後にある僧がこの話を趙州和尚にした。趙州は言った。「よし、ワシがお前たちのために、その婆さん(の境地)を調べてやろう」翌日、趙州は婆さんの所に行き、同じように問うた。婆さんも同じように答えた。趙州は帰ってきて衆僧たちに言った。「五台山の婆さんを、ワシはお前たちのために、調べ尽くしてやったぞ」
②評唱
無門曰く。婆子只だ坐(い)ながらに帷幄(いあく)に籌(はか)ることを解(げ)して、要且(ようか)つ賊(ぞく)に著(つ)くことを知らず。趙州老人は、善く営を偸(ぬす)み塞(さい)を劫(おびや)かすの機を用ゆるも、又た且つ大人の相無し。検点し将(も)ち来たれば、二人俱(とも)に過(とが)有り。且(しば)らく道(い)え、那裏(なり)か是れ趙州、婆子を勘破(かんぱ)する処。
私訳
婆さんは、ただとばりの中で座ったまま、分かったつもりになっている。賊が入って来たことには気づかない。趙州老人は、婆さんの城をよく攻略しえているものの、これまた大人の態度ではない。よく点検すれば、二人共に間違いがある。さあ、言ってみよ。趙州が婆さんを見破った点はどこか。
③頌
問既一般 答亦相似 飯裏有砂 泥中有刺
私訳
問いが同じなら、答えが似るのは当然のこと。ご飯の中に砂がある。泥の中には刺がある。
現場検証及び解説
【本則】
この則は、明確にこうだと断言しずらい内容です。私に読解力がないのではなく、無門先生がそうしています。しかし、たぶんこうだという話をでっち上げますので、皆さんで吟味してみてください。
則をなぞるように、一度通してみてみましょう。
趙州和尚の所にいる修行僧が、旅の途中で茶店の婆さんに道を尋ねます。ちなみにこの婆さんただものではありません。禅に通じた婆さんで、通る修行僧を質問して境地を試しています。

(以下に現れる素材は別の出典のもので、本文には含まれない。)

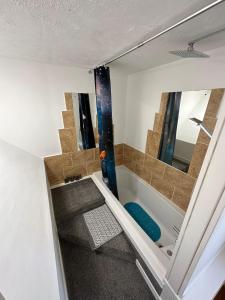 La salle de bains est pourvue d'un escalier avec une baignoire et un miroir. dans l'établissement Self Catering Spacious open plan 3 bed apartment with sea views, à South Erradale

第28則でも出てきました。若き徳山をやり込めた婆さんがいましたね。あれと同一人物なのかどうかはわかりません。まあ、禅の文献の中にときどき登場するやり手ババアというキャラクターです。
台山とは五台山のことで、文殊菩薩信仰の霊場です。テキストには明記されていませんが、台山への道を問うということは、暗に「法の在りか」を問うている、ととってもよさそうです。
それに対して婆さんは「真っ直ぐ行きなされ」と指示します。修行僧が言われた通りに真っ直ぐ行こうとすると、苦言を呈します。どうやら「素直に従う」ということが禅仏教を学ぶ上で良くないことだ、ということのようです。私はそう解釈します。その解釈は後に述べることにして、先に進みましょう。
修行僧は、訳が分からないが、婆さんに貶(けな)されたように感じたのでしょう。寺に戻ってその話をします。回りまわって、その話が趙州和尚の耳に入ります。和尚は「この婆さんを見破ってやる」と豪語して、翌日その茶店に向かいます。
前日修行僧とした会話と同じ会話が、今度は趙州和尚と婆さんの間でなされます。ただひとつ違うのは、修行僧は「真っ直ぐ行きなされ」の意味が分からず、おそらくムッとしたこと。趙州和尚は「真っ直ぐ行きなされ」の真意を理解し、おそらくニヤッとしたことです。
しかし、テキストを読むだけでは、そのあたりの消息はうかがい知れず、無理に解釈しようとすると、妄想状態に陥ります。テキストを読むだけではわからないという点で、第11則の「州勘庵主」を思い出します。このときもどういうわけか趙州が関係していますね。
さて、私の解釈を述べます。勘どころは「真っ直ぐ行きなされ」に修行僧が素直に従った、という点にあるように思います。仏教を学ぶにあたってある種の素直さは必要です。しかし、素直過ぎるのは禁物です。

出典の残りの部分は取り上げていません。